--- Data Enclosed Below ---

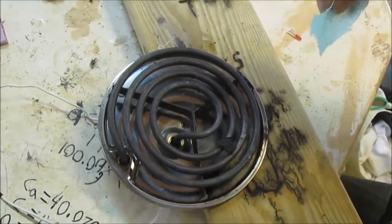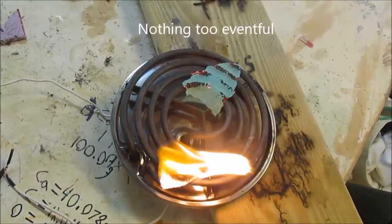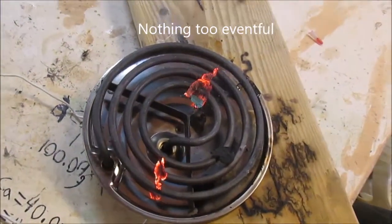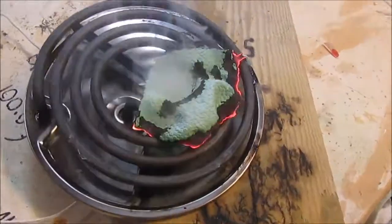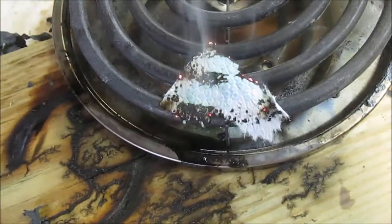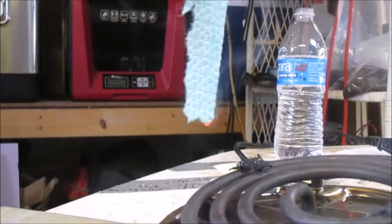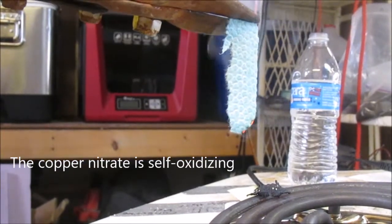Next, we tried the sample on a hot plate. Notably, the sample when brought towards a heat source — even without full contact — would burn and would continue to do so even without continual heating.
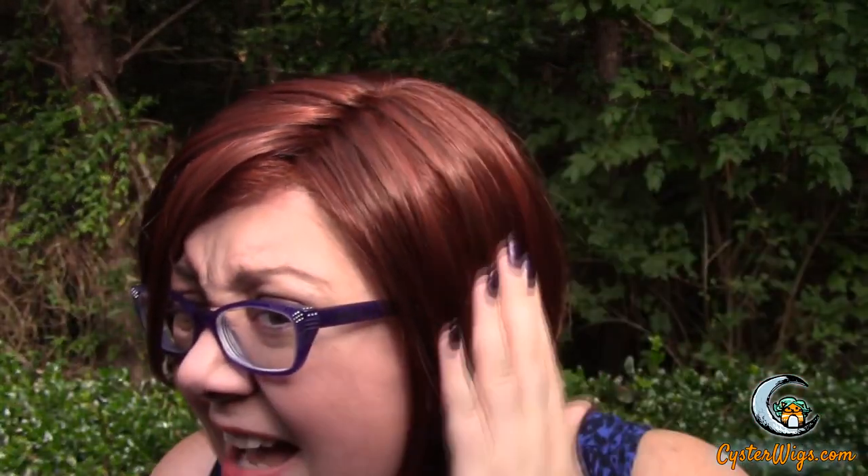Before I get too far ahead of myself and talk about the wig, let's talk about this color for a second. In the sunshine — look at how pretty and intense this red is. If you're the kind of person who loves reds and gets really upset when you order a red wig and it turns out to be brown, this is an awesome color for you because you will never mistake this color for a brown.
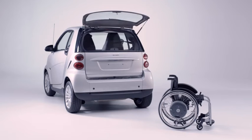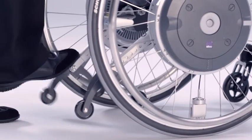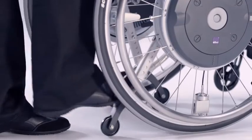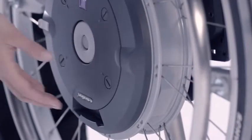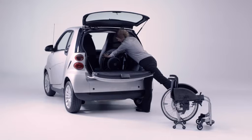eMotion is also an ideal travelling companion. The anti-tippers even have two functions — they prevent tipping and also make it easier for you to remove the wheels. The wheels are removed via a quick release axle, making them easy to transport in the car.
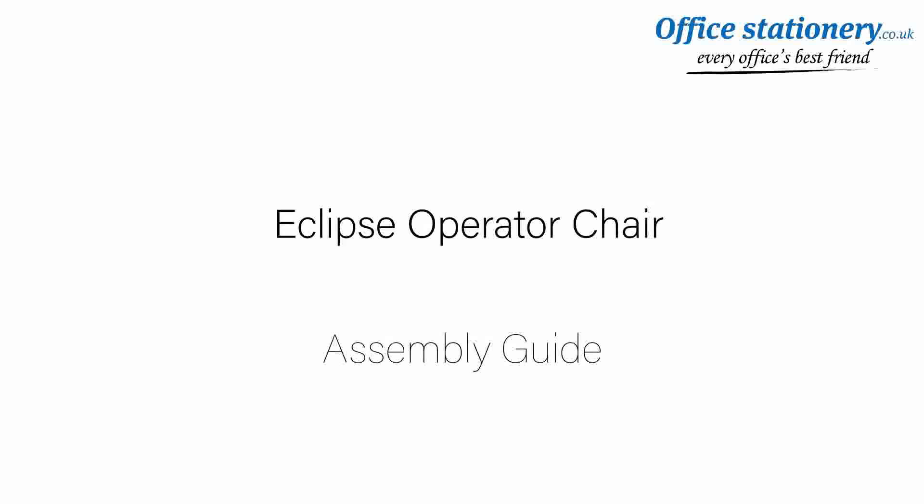Welcome to the quick guide to assembling your operator chair. No tools are required.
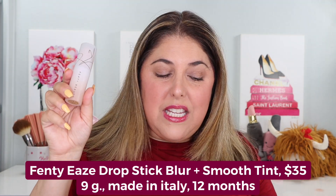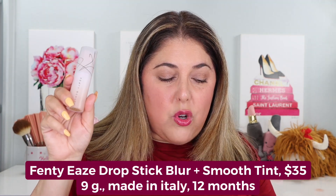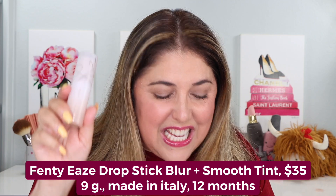We're going to look at a brand new foundation. This is the Fenty Beauty Ease Drop Stick Blur and Smooth Tint Stick Foundation. I picked mine up in the shade 7. We are going to talk all about it, try it on, and do hopefully a long wear test. I'm going to really try to push it for you guys.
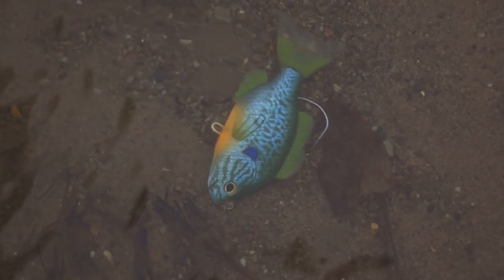Hey everybody, what's going on? Brendan Miller here, back with another video. In today's video I'm going to be reviewing the Live Target swim baits. Let's jump right into it.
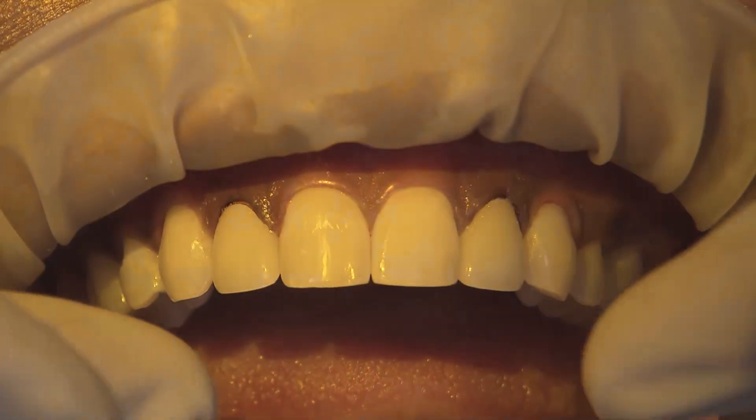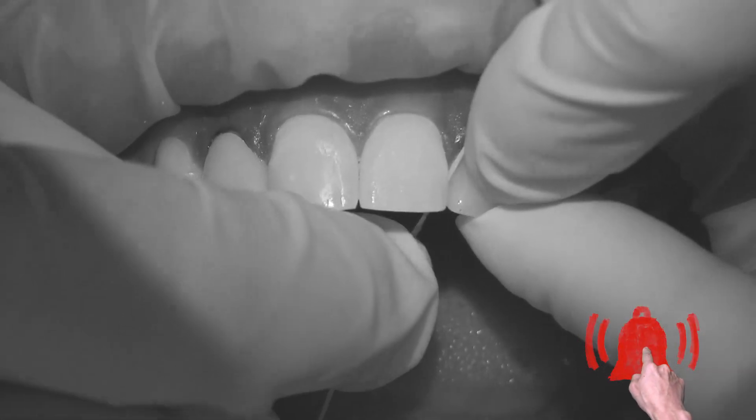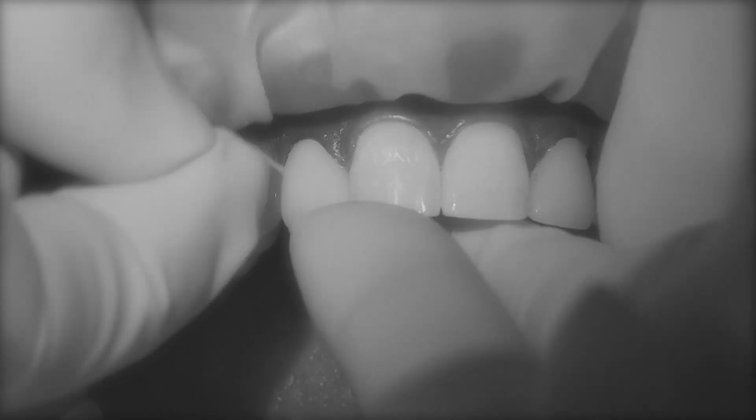With a tack cure of about 3 seconds on the facial and lingual, the excess cement enters a gel state for easy removal. After flossing to remove any excess interproximately, we final cure for 20 seconds per surface.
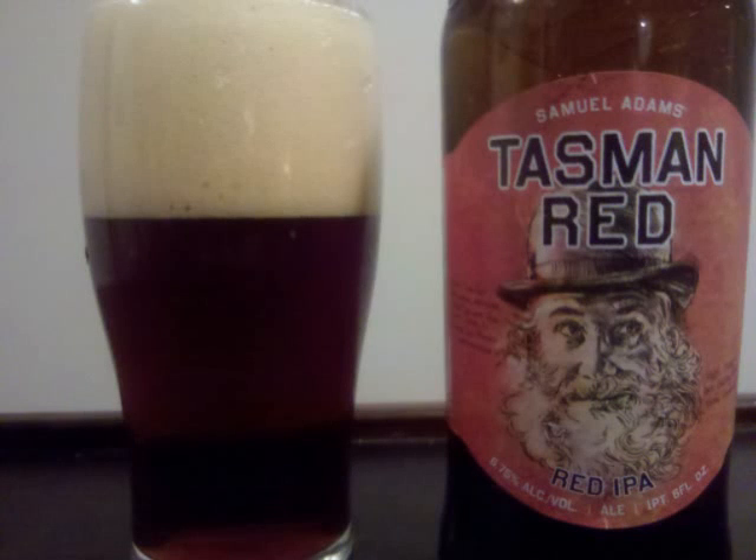Samuel Adams Tasman Red is an American Red Ale with 6.75% ABV. It's a brown colored beer with a clear complexion, which has a few steady streams of rising bubbles. The top of it is a large bubbly tan head, and lots of lacing sticks all over the glass.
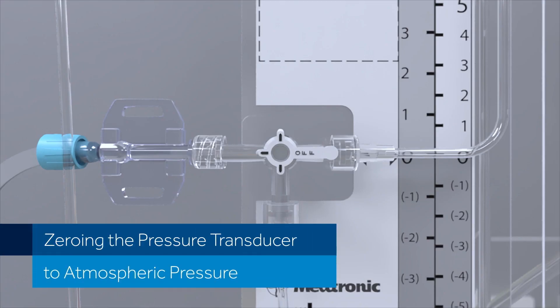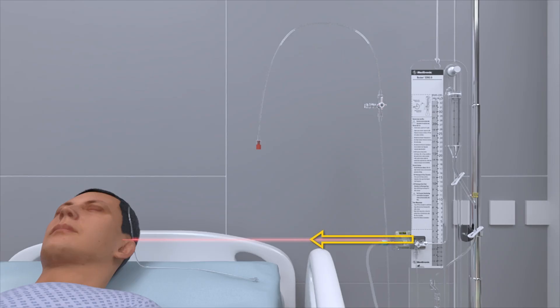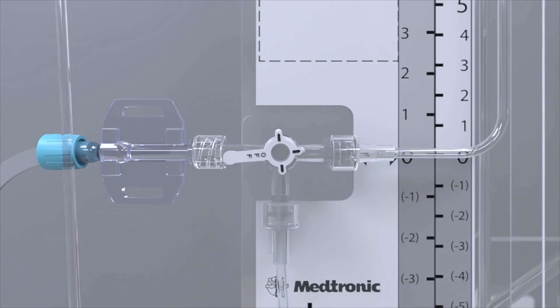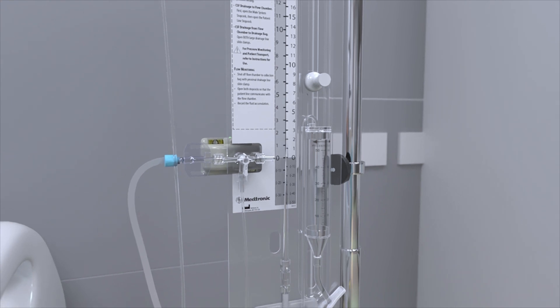Zeroing the Pressure Transducer to Atmospheric Pressure. Before zeroing the transducer to atmospheric pressure, it is important that two conditions be met. One, the drainage system should be level with the patient. Two, the tubing between the transducer and the top of the drip chamber must be completely filled with fluid. Start by rotating the knob on the main system stopcock so that it is turned off to fluid coming from the patient. Lower the drip chamber so that the arrows on the drip chamber line up with the zero reference point on the system panel.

--- End of Enclosed Data ---

**Exercise**
Could you print all of the entries exactly, skipping the images?

**Output**
Next, we tried the sample on a hot plate. Notably, the sample when brought towards a heat source — even without full contact — would burn and would continue to do so even without continual heating.
Before I get too far ahead of myself and talk about the wig, let's talk about this color for a second. In the sunshine — look at how pretty and intense this red is. If you're the kind of person who loves reds and gets really upset when you order a red wig and it turns out to be brown, this is an awesome color for you because you will never mistake this color for a brown.
eMotion is also an ideal travelling companion. The anti-tippers even have two functions — they prevent tipping and also make it easier for you to remove the wheels. The wheels are removed via a quick release axle, making them easy to transport in the car.
Welcome to the quick guide to assembling your operator chair. No tools are required.
We're going to look at a brand new foundation. This is the Fenty Beauty Ease Drop Stick Blur and Smooth Tint Stick Foundation. I picked mine up in the shade 7. We are going to talk all about it, try it on, and do hopefully a long wear test. I'm going to really try to push it for you guys.
Hey everybody, what's going on? Brendan Miller here, back with another video. In today's video I'm going to be reviewing the Live Target swim baits. Let's jump right into it.
With a tack cure of about 3 seconds on the facial and lingual, the excess cement enters a gel state for easy removal. After flossing to remove any excess interproximately, we final cure for 20 seconds per surface.
Samuel Adams Tasman Red is an American Red Ale with 6.75% ABV. It's a brown colored beer with a clear complexion, which has a few steady streams of rising bubbles. The top of it is a large bubbly tan head, and lots of lacing sticks all over the glass.
Zeroing the Pressure Transducer to Atmospheric Pressure. Before zeroing the transducer to atmospheric pressure, it is important that two conditions be met. One, the drainage system should be level with the patient. Two, the tubing between the transducer and the top of the drip chamber must be completely filled with fluid. Start by rotating the knob on the main system stopcock so that it is turned off to fluid coming from the patient. Lower the drip chamber so that the arrows on the drip chamber line up with the zero reference point on the system panel.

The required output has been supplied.